## What you will do
Would you copy the listing below exactly, keeping the pictures out?

## Provided data
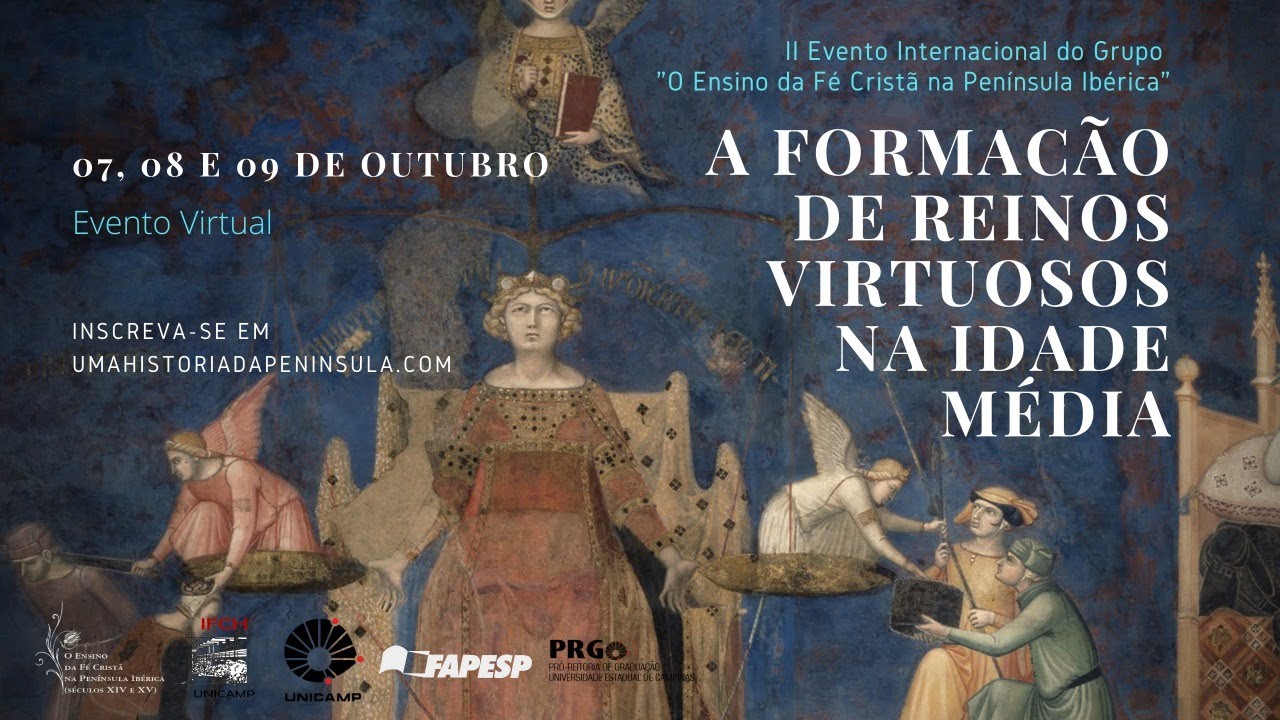A formação de reinos virtuosos na Idade Média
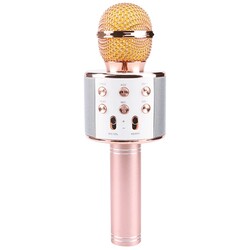 Zore WS-858 Karaoke Microphone - 1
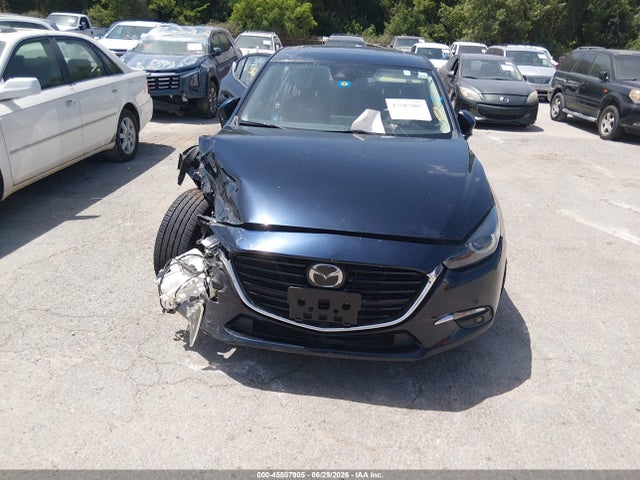 45507905 :رقم المزاد ، JM1BN1W30H1140704 vin ، 2017 Mazda Mazda3 Grand Touring مزاد بيع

## Result of this exercise
A formação de reinos virtuosos na Idade Média
 Zore WS-858 Karaoke Microphone - 1
 45507905 :رقم المزاد ، JM1BN1W30H1140704 vin ، 2017 Mazda Mazda3 Grand Touring مزاد بيع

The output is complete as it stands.